EXERCISE PROMPT:
Your answer must be the lines from the first record through the line that contains "And it has the", copied exactly and without any pictures.
Top of PROVIDED RECORDS
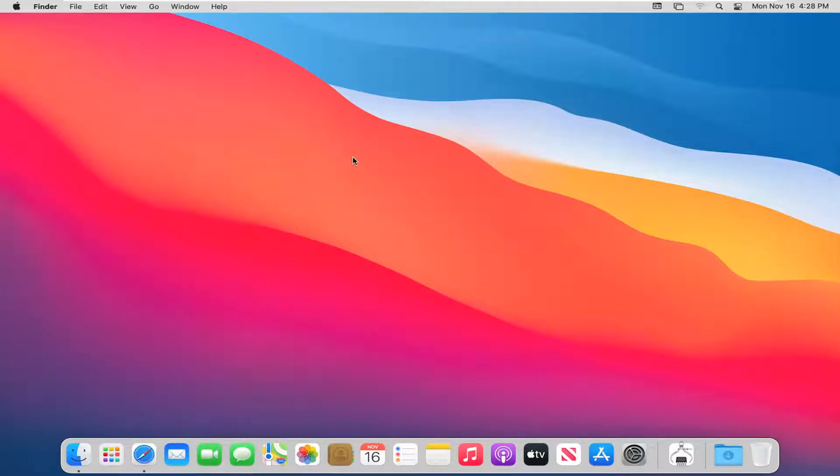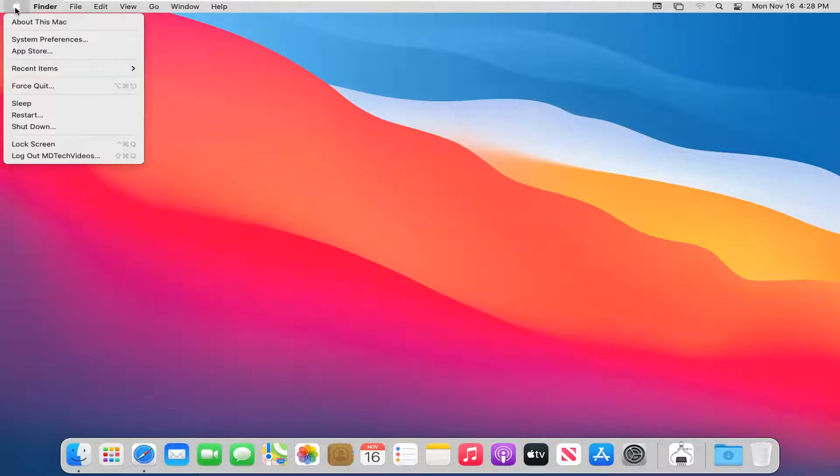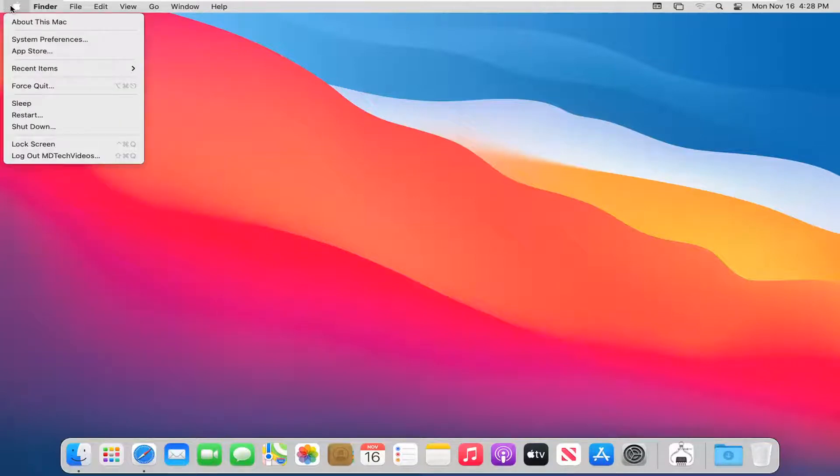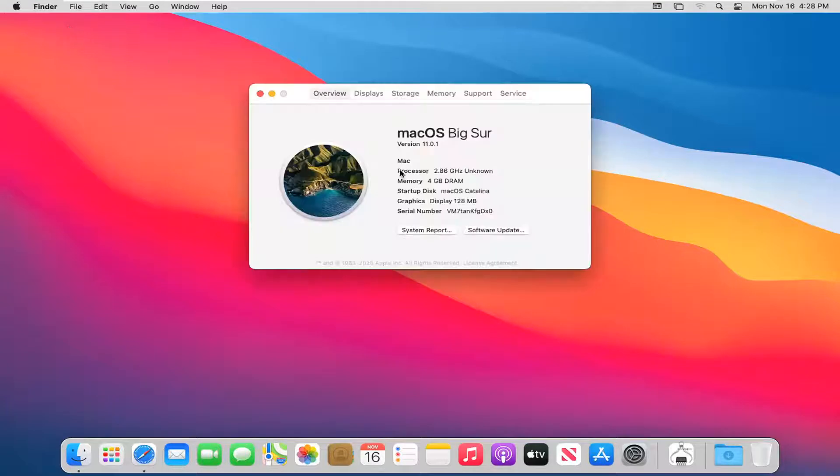let's go ahead and jump right into it. So we're going to start off by opening up the Apple icon at the top left corner of your desktop on the top toolbar. Just go ahead and left click on that and select About This Mac. Select the software update button.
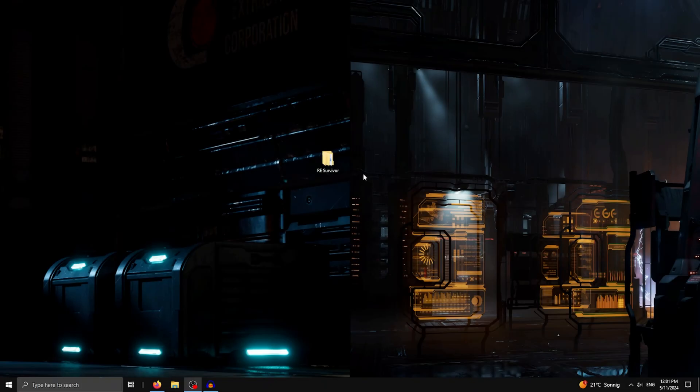Hello and welcome to this tutorial. I will explain how you can play Resident Evil Survivor with mouse and keyboard.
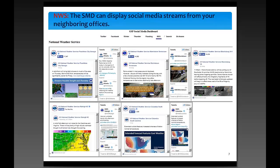Another feature is that other offices have created a social media panel just to monitor their neighboring weather service offices. In our case, you can see there's Peachtree City, Morristown, Blacksburg, Raleigh, and Columbia. You can view both their Twitter and Facebook accounts from one display, which optimizes situational awareness. And being a good neighbor, you can share and retweet some of their social media posts.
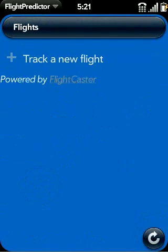When you launch the app, it brings up the main screen, which is the list of flights you're currently tracking. Right now there are none, so let's add one.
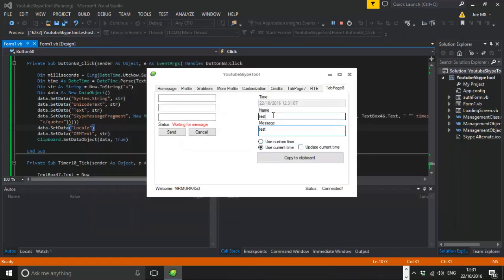And it has the message and the text and stuff. So that's pretty much it for this video. I'm sorry it's not like me coding, but it's just something that people wanted to see. So I thought I'd do it.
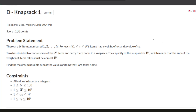Hello and welcome back. This is problem D, Knapsack 1 from AtCoder Education DP contest. The problem states that there are N items numbered from 1 to N, and for each item I between 1 and N, the I-th item has weight W_I and value V_I.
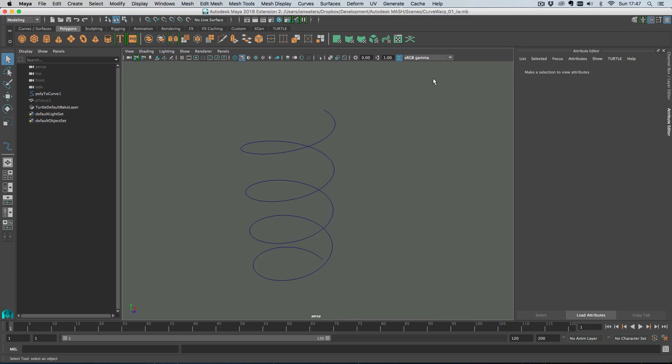Hi all, Ian here. In this tutorial I'm going to show you how to use the Curve Warp Deformer with Mashed to do some cool procedural modeling stuff.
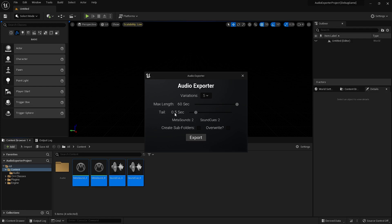Because sometimes you have reverb, you have delays, you have some sort of effect that continues playing for some bit of time. So here, in the free version, you can choose up to three seconds for your tail.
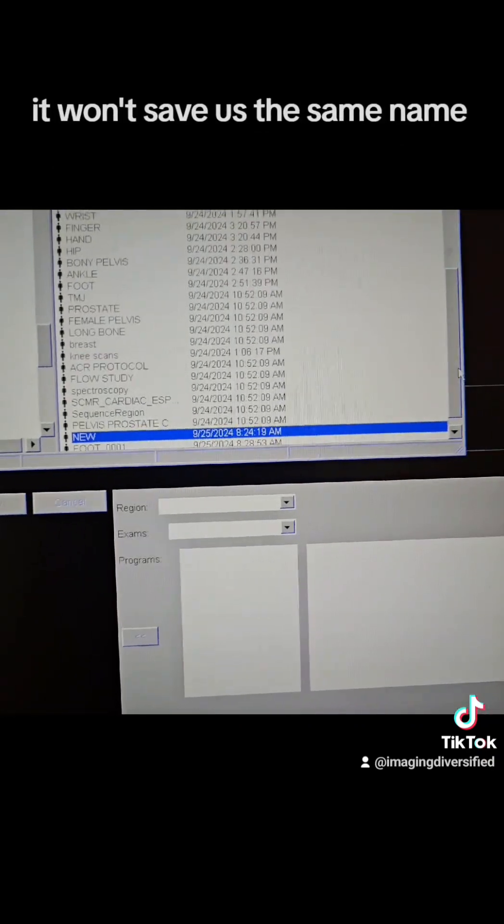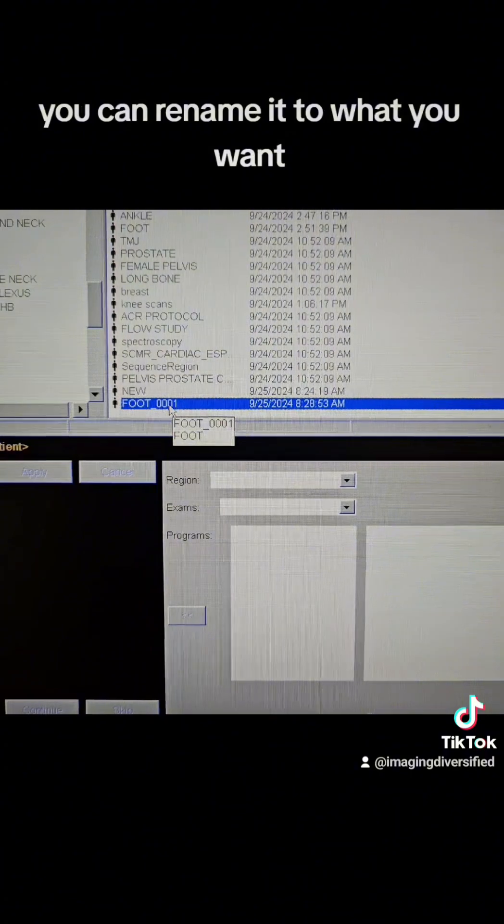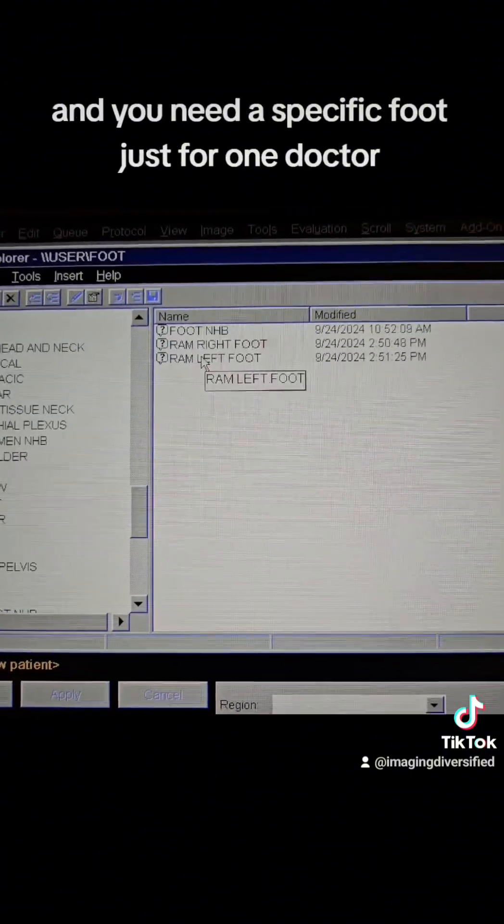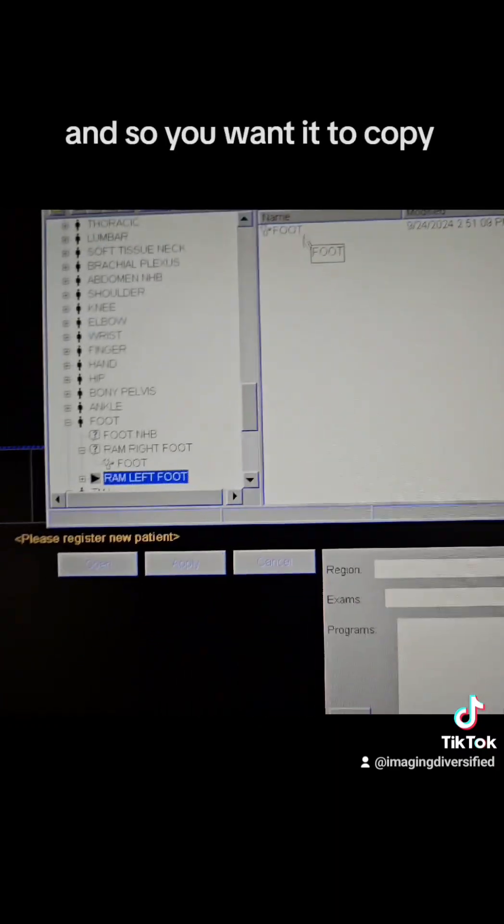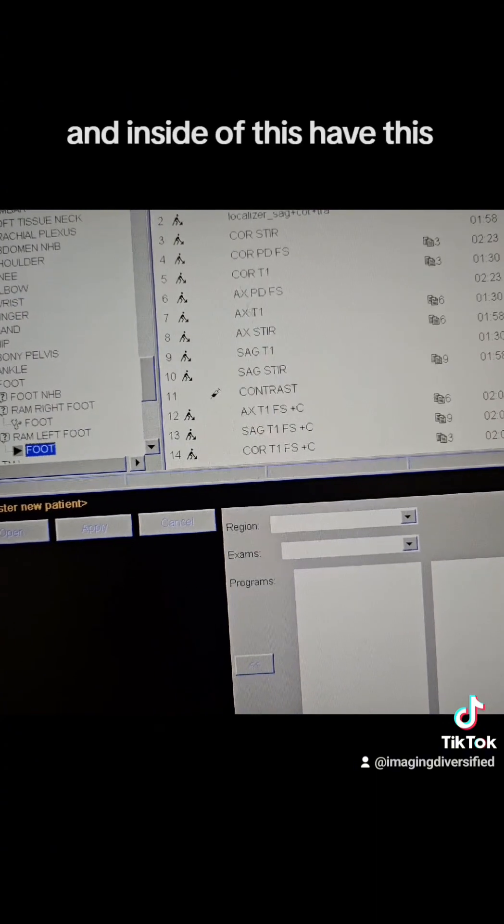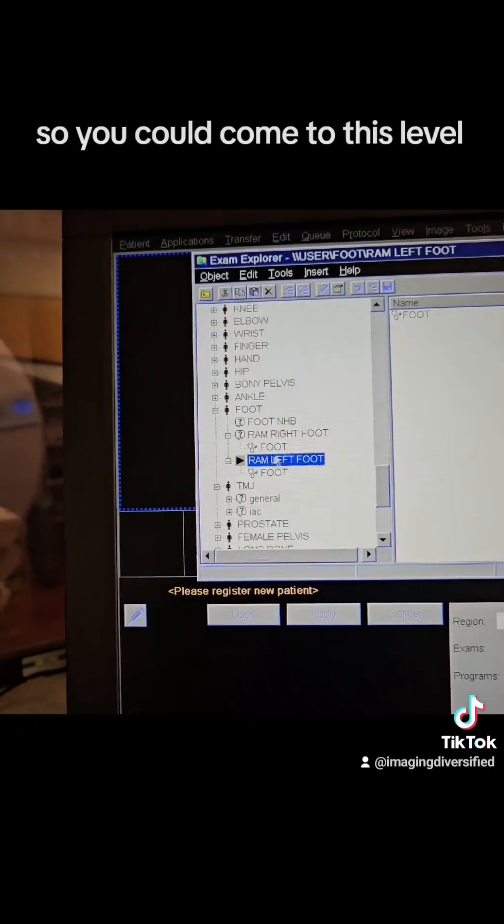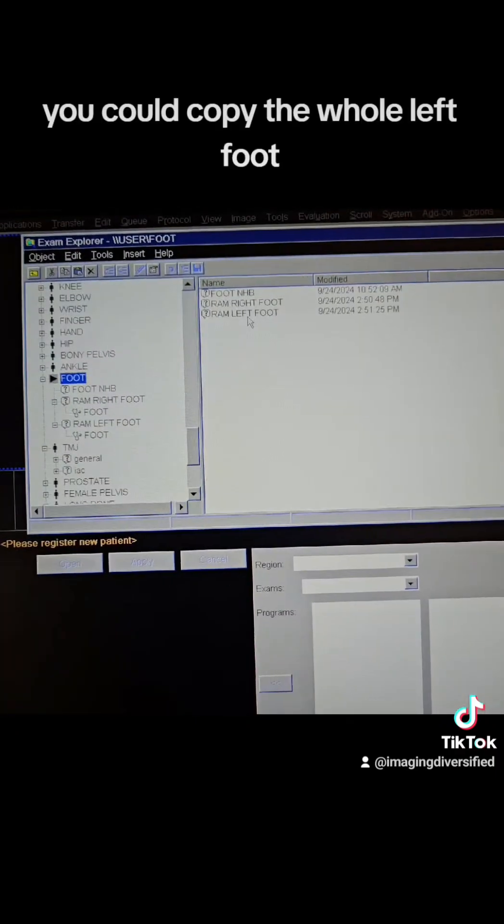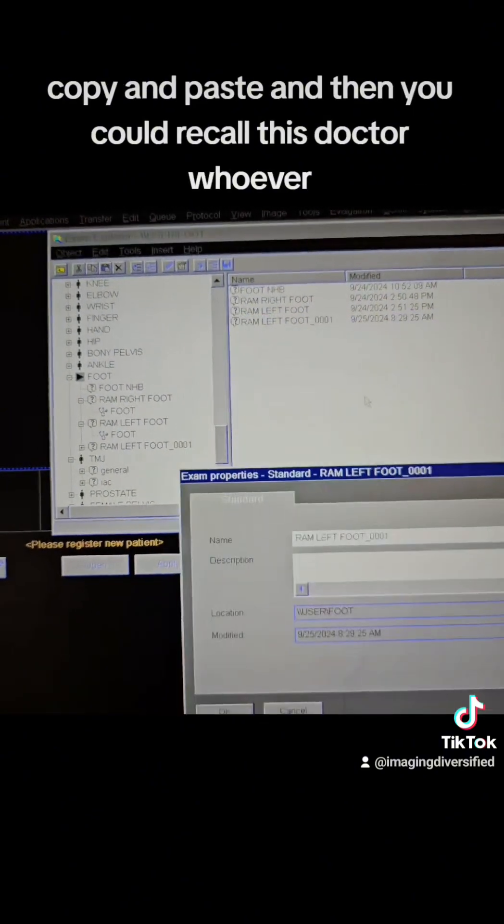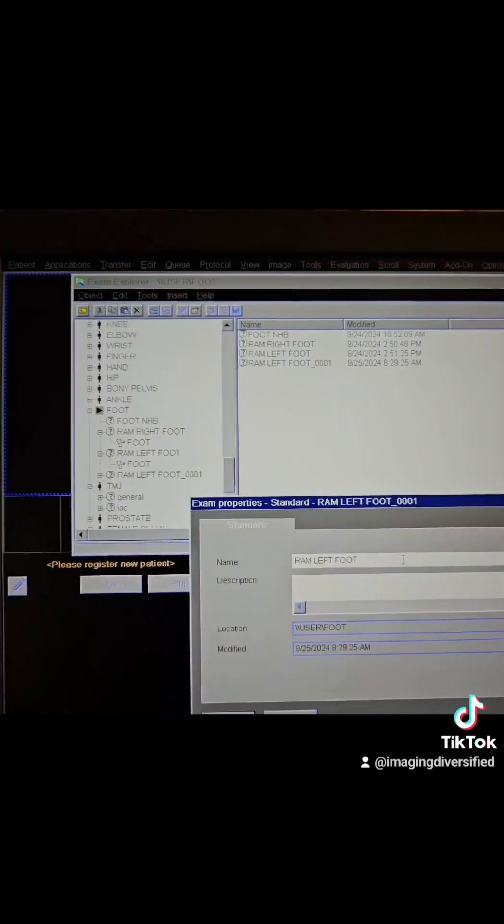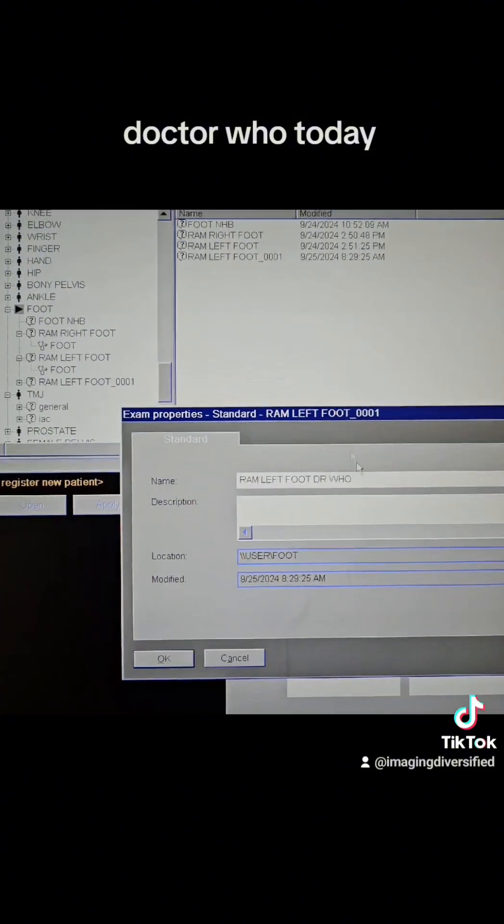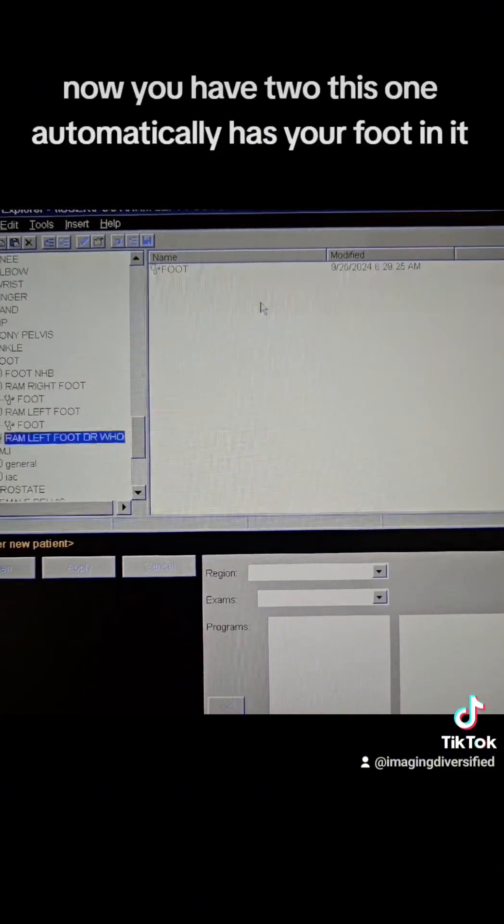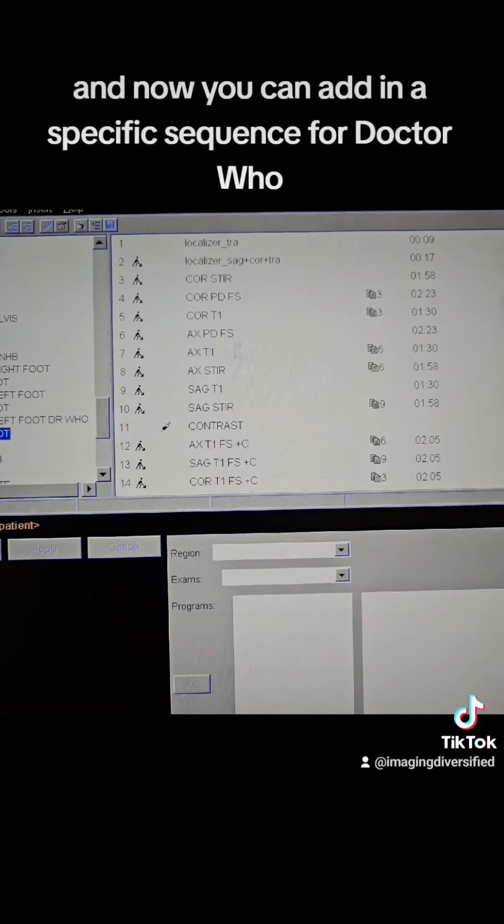So let's say we wanted to take a foot and you wanted to make a brand new study. So you could right click it and hit copy and you can right click and paste the whole SM. It won't save as the same name, but it'll always give you a C001 on the end and you can rename it to what you want. Let's say if you want it to be within this one and you needed a specific foot just for one doctor. And so you wanted to copy this one, it would just be a regular foot sequence and inside of this have this, but your doctor wants to add one thing to it. So you could come to this level, you could copy the whole left foot, copy and paste, and then you could recall it as Dr. Whoever. Dr. Who today. Hit okay.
Bottom of PROVIDED RECORDS
ANSWER TO THIS TASK:
let's go ahead and jump right into it. So we're going to start off by opening up the Apple icon at the top left corner of your desktop on the top toolbar. Just go ahead and left click on that and select About This Mac. Select the software update button.
Hello and welcome to this tutorial. I will explain how you can play Resident Evil Survivor with mouse and keyboard.
Another feature is that other offices have created a social media panel just to monitor their neighboring weather service offices. In our case, you can see there's Peachtree City, Morristown, Blacksburg, Raleigh, and Columbia. You can view both their Twitter and Facebook accounts from one display, which optimizes situational awareness. And being a good neighbor, you can share and retweet some of their social media posts.
When you launch the app, it brings up the main screen, which is the list of flights you're currently tracking. Right now there are none, so let's add one.
And it has the message and the text and stuff. So that's pretty much it for this video. I'm sorry it's not like me coding, but it's just something that people wanted to see. So I thought I'd do it.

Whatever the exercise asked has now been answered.